◆ Records provided ◆
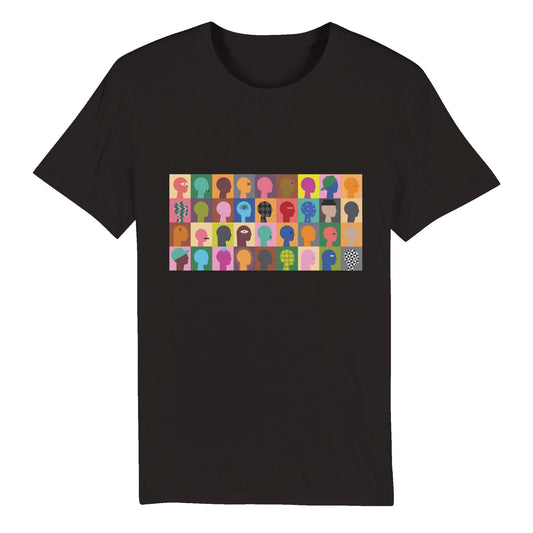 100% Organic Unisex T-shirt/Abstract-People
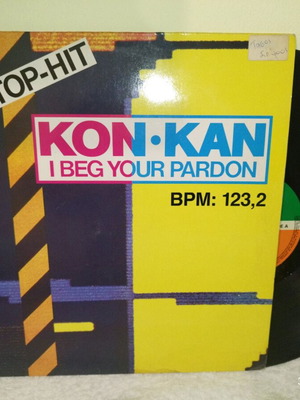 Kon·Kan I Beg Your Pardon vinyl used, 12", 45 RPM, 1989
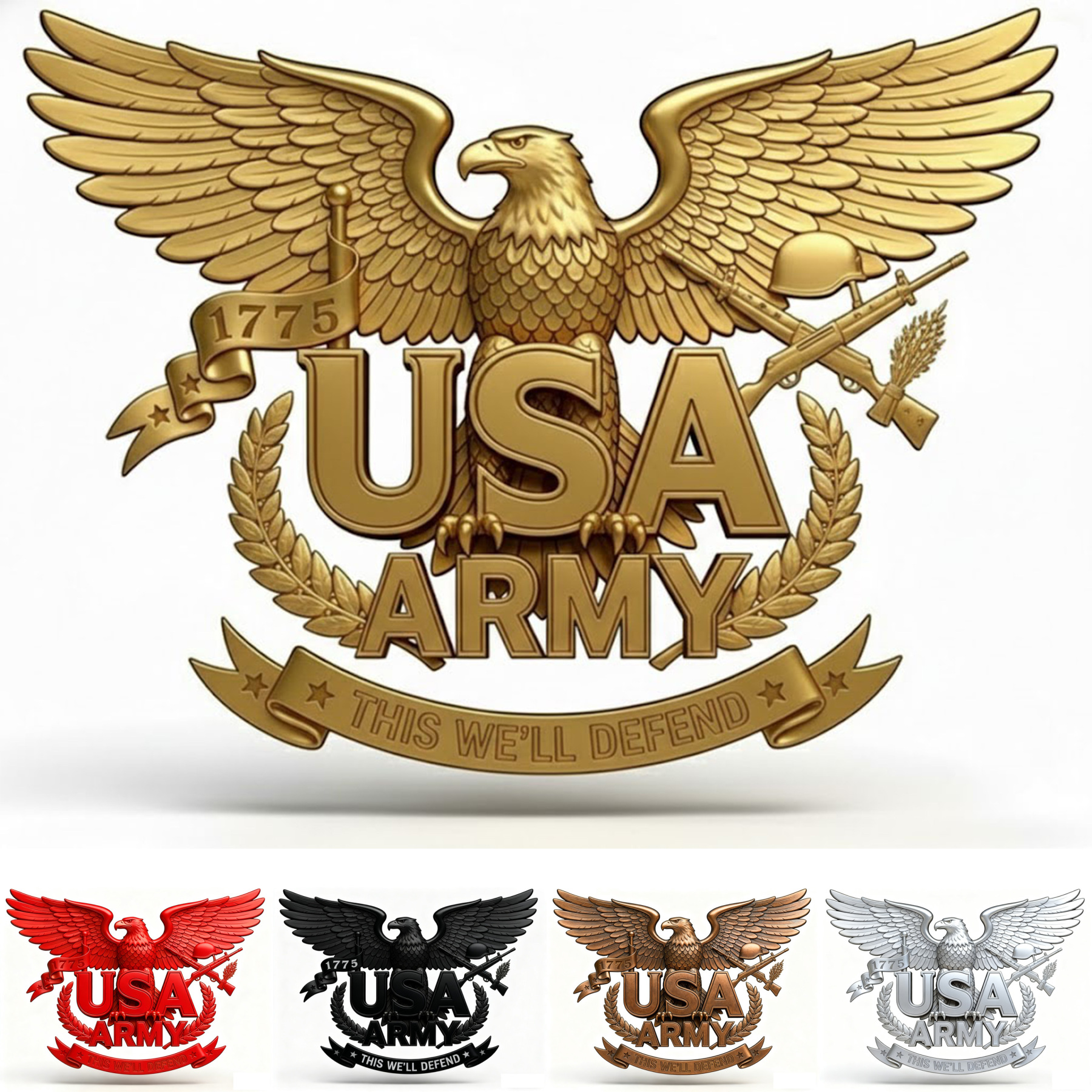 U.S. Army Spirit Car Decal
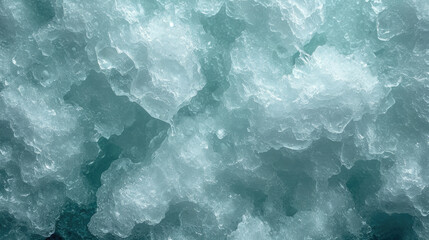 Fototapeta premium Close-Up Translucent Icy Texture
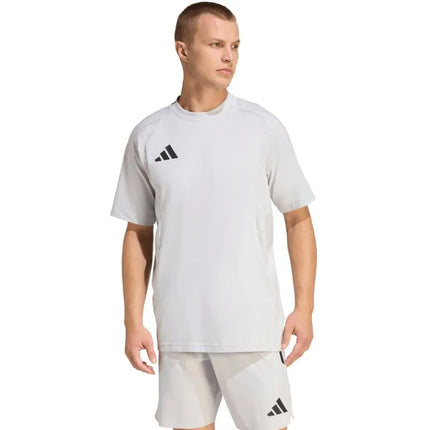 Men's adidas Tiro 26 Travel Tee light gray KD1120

---

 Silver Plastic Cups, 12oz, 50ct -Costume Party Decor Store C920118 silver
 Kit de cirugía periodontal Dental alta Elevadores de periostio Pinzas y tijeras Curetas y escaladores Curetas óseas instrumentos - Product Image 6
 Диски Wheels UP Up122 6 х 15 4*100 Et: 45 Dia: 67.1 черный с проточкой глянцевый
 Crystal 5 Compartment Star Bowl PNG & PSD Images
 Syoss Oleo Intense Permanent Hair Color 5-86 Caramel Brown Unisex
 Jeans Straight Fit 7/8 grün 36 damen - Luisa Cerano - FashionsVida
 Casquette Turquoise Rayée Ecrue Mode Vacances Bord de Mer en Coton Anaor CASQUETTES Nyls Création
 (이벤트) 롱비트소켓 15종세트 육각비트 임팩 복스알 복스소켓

* * *

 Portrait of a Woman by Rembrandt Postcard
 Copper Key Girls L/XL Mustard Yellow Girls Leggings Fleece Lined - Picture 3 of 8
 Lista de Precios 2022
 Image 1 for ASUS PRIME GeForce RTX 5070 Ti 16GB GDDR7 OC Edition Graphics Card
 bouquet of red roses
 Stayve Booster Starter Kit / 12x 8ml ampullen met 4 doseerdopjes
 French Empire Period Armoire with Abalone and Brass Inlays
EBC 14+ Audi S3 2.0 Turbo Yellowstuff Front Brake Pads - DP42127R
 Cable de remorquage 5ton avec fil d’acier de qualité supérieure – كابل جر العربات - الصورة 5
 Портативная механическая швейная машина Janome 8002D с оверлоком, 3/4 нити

◆ Required action ◆
Within the material above, output exactly the lines from the one with "Image 1 for" through the one with "Cable de remorquage", end lines included, and nothing besides.

◆ Answer space ◆
 Image 1 for ASUS PRIME GeForce RTX 5070 Ti 16GB GDDR7 OC Edition Graphics Card
 bouquet of red roses
 Stayve Booster Starter Kit / 12x 8ml ampullen met 4 doseerdopjes
 French Empire Period Armoire with Abalone and Brass Inlays
EBC 14+ Audi S3 2.0 Turbo Yellowstuff Front Brake Pads - DP42127R
 Cable de remorquage 5ton avec fil d’acier de qualité supérieure – كابل جر العربات - الصورة 5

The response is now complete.